TestForge Blog
← All Posts

Outbox Pattern Guide — How to Keep Data Consistency in Event-Driven Systems

When a service must both update its database and publish an event, the dual-write problem appears quickly. This post explains why the Outbox Pattern matters, how to design the outbox table, how publisher workers operate, and how to handle retries, duplicates, and production observability.

TestForge Team ·

Why dual write is dangerous

Imagine an order service that must do two things:

  1. store the order in the database
  2. publish an OrderCreated event to Kafka

If only one of those succeeds, the system becomes inconsistent.

  • database commit succeeds but event publish fails
  • event publish succeeds but database commit fails

That is the classic dual-write problem.

Why not use distributed transactions

Distributed transactions are theoretically appealing, but in practice they often add too much coupling and complexity.

Common issues:

  • tighter dependency between systems
  • harder operations and recovery
  • poor fit across heterogeneous databases and brokers

That is why Outbox has become a practical standard in event-driven microservices.

The core idea of the Outbox Pattern

Instead of trying to commit business data and broker publish in one distributed transaction, do this:

  • write business data
  • write an outbox event row

inside the same local database transaction.

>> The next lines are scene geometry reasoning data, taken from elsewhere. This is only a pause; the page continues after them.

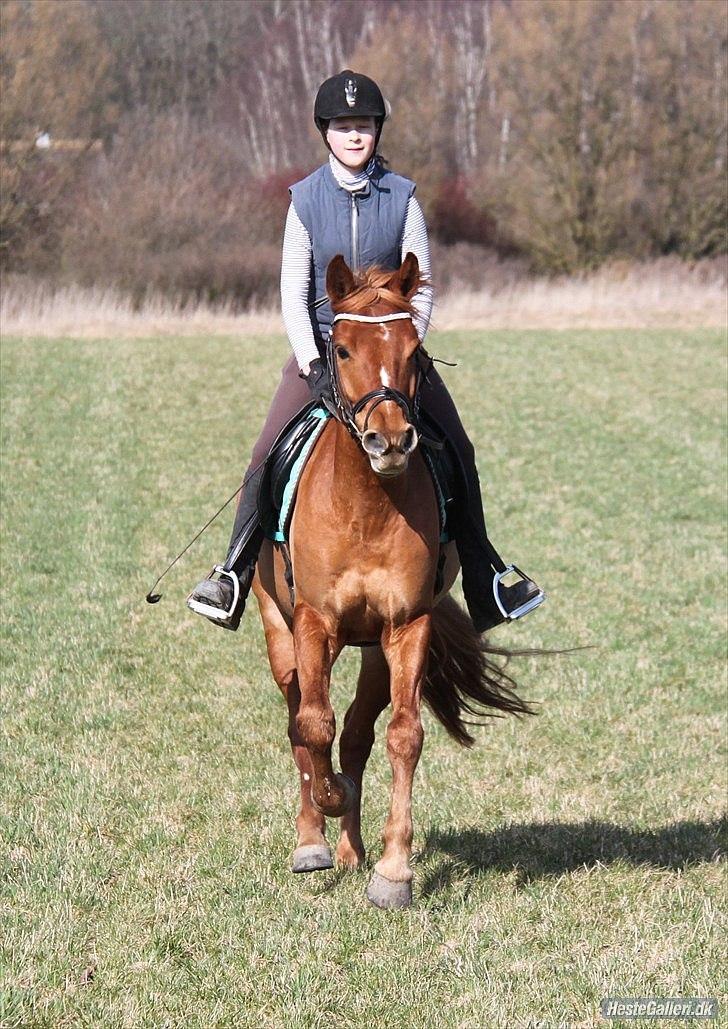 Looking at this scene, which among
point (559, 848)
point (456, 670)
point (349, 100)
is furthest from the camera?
point (456, 670)

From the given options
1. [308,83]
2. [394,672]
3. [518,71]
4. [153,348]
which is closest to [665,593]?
[394,672]

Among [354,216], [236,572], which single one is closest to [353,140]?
[354,216]

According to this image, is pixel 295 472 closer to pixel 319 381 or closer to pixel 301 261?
pixel 319 381

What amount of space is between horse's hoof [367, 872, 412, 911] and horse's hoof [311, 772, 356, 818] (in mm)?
377

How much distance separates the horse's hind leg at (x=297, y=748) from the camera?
5.50 metres

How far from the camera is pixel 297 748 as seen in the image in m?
6.09

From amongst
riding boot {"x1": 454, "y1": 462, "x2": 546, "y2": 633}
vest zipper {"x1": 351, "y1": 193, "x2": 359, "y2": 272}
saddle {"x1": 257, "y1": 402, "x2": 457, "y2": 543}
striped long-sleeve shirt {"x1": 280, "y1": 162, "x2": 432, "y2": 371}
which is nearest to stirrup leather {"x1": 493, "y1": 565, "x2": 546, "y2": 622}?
riding boot {"x1": 454, "y1": 462, "x2": 546, "y2": 633}

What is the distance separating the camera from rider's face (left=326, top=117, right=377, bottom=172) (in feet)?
18.8

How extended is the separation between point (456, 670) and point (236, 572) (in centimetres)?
131

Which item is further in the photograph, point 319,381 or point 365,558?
point 319,381

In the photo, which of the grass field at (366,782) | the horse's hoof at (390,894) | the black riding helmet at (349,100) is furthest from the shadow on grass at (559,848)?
the black riding helmet at (349,100)

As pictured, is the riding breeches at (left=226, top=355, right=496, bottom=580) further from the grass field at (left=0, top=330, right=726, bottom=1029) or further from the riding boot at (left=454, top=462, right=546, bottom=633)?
the grass field at (left=0, top=330, right=726, bottom=1029)

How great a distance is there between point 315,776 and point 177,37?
5730 centimetres

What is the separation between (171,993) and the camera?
4477 millimetres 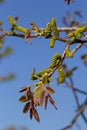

Then a separate publisher process reads the outbox table and publishes the event asynchronously.

Basic flow

Application
 -> DB Transaction
    -> orders insert
    -> outbox insert
 -> Commit

Publisher Worker
 -> read unpublished outbox rows
 -> publish to broker
 -> mark as published

The key benefit is that events are not silently lost between business write and publish.

A practical outbox table

Typical columns:

  • id
  • aggregate_type
  • aggregate_id
  • event_type
  • payload
  • status
  • created_at
  • published_at
  • retry_count

For example:

CREATE TABLE outbox_events (
  id BIGSERIAL PRIMARY KEY,
  aggregate_type VARCHAR(100) NOT NULL,
  aggregate_id VARCHAR(100) NOT NULL,
  event_type VARCHAR(100) NOT NULL,
  payload JSONB NOT NULL,
  status VARCHAR(20) NOT NULL DEFAULT 'PENDING',
  retry_count INT NOT NULL DEFAULT 0,
  created_at TIMESTAMP NOT NULL DEFAULT NOW(),
  published_at TIMESTAMP
);

How should publishing work

Two broad approaches are common.

Polling publisher

  • periodically fetch PENDING rows
  • publish to the broker
  • mark successful rows as PUBLISHED

Pros:

  • simple and easy to build

Cons:

  • introduces small delay
  • requires polling management

CDC-based publishing

  • use tools like Debezium
  • stream outbox changes from the database log

Pros:

  • low latency
  • highly automated

Cons:

  • higher operational complexity

Many teams start with polling and consider CDC later at larger scale.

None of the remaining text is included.